At the same time the FTSE 100, a good barometer of market sentiment, has fallen sharply from its May 2018 highs.
Driving the negative sentiment is the ongoing political paralysis over Brexit and the possibility of a no-deal scenario that could yet cause challenges for the UK as well as European and world economies. Investors, already spooked by US and China trade tensions, have responded by selling out of sterling and the FTSE.
Yet the UK economy continues to tick along, albeit not at the speed of the US economy. It grew at 1.3% in 2018, and the European Commission predicts 1.2% growth for the coming year.

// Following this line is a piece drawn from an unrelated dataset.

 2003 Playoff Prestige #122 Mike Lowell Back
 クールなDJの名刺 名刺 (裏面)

While the journey to the March 29 deadline for Brexit negotiations will continue to be a thrill ride no UK citizen anticipated, global investors are watching events with interest.
Fantasy
“We have a larger exposure to the UK market than many of our peers, but I would not say that we have taken a massive bet,” says Douw Steenekamp, portfolio manager, global equities at Denker Capital. “The Brexit negotiations will be crucial. Politicians are playing high stakes poker. A nation’s biggest trading partners are those that are closest to it. This fantasy that they can replace the EU with Japan, Australia or even SA is just crazy.
“If the UK plunges out of the EU it will not be good news in the short term; if they tear up Article 50 and remain part of the EU, the market and currency will rebound; and the middle road – an extension of the deadline to May – will just prolong the mess.”

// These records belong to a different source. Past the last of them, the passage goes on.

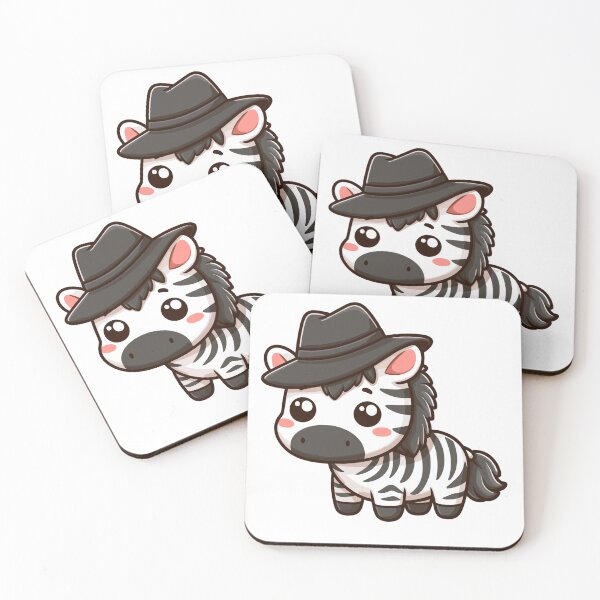 Item preview, Undercover Zebra Wearing A Hat designed and sold by SweetDoodleBug.
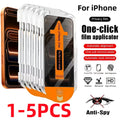 1-5pcs Privacy Protective Film Screen Protector for iPhone 17 16 15 14 13 12 11 Pro Max 17Air16Por Series With Installation Tool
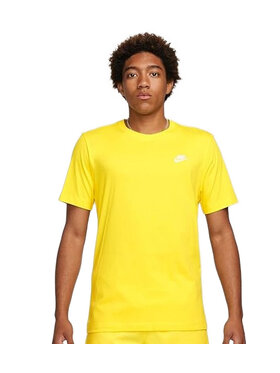 Nike Nike T-Shirt Sportswear Club Żółty Regular Fit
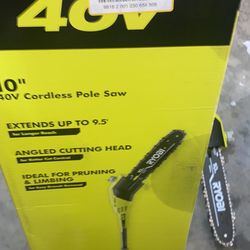 40v 10” Pole Saw Battery And Charger Include 
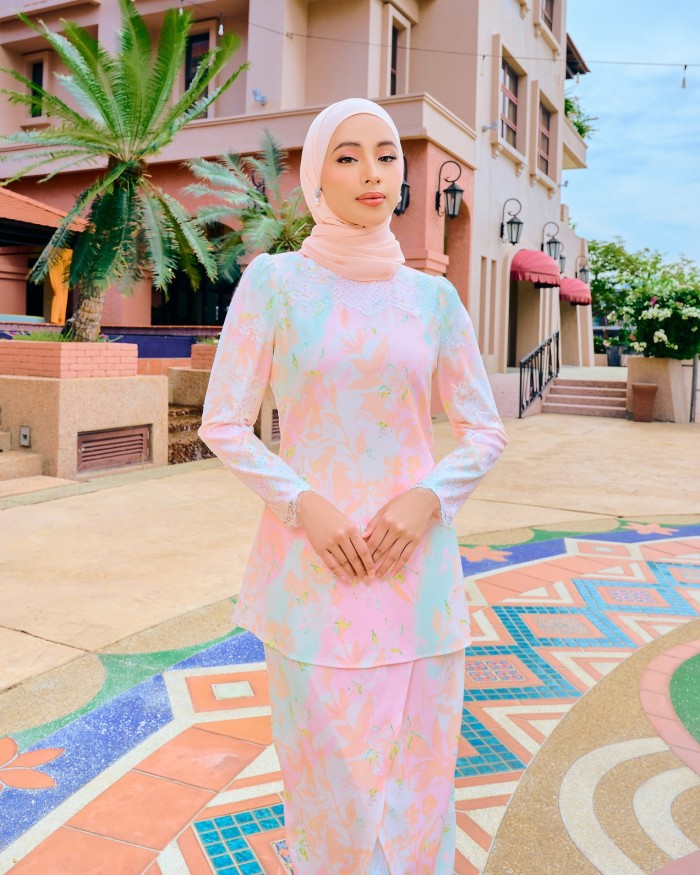 SENROSE KURUNG -  NUDE PINK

As a result of the uncertainty, some stocks have been derated to the point that they are looking attractive.
“If one looks at the broader market on a price-to-book basis, it has been this cheap less than 10% of the time over the last 20 years,” says Nic Norman-Smith, CIO at Lentus Asset Management. “And every time it has been this cheap, the market has followed with solid returns over the next five-year period, historically by between 5% and 10% per annum.
‘You need to dig deep’
Zain Wilson, a portfolio manager at Old Mutual MacroSolutions, adds that while the market looks cheap it is not a wholesale buying opportunity. “Often, when assets are cheap they are cheap for a reason. There are opportunities in the UK, but you need to dig deep to find them.”
Like the JSE Top 40, the FTSE 100 is not an accurate reflection of the UK economy. Many of the large-cap stocks listed in the UK are global companies that are not that exposed to the underlying UK economy. Unilever, for instance, generates 5% of global sales in the UK, BP even less.
The FTSE 250, home to more mid-cap and domestically focused stocks, is a better reflection of the UK market. It fell 25% between June and December last year, before rebounding slightly in January, compared to the FTSE 100, which fell 17% in the same period.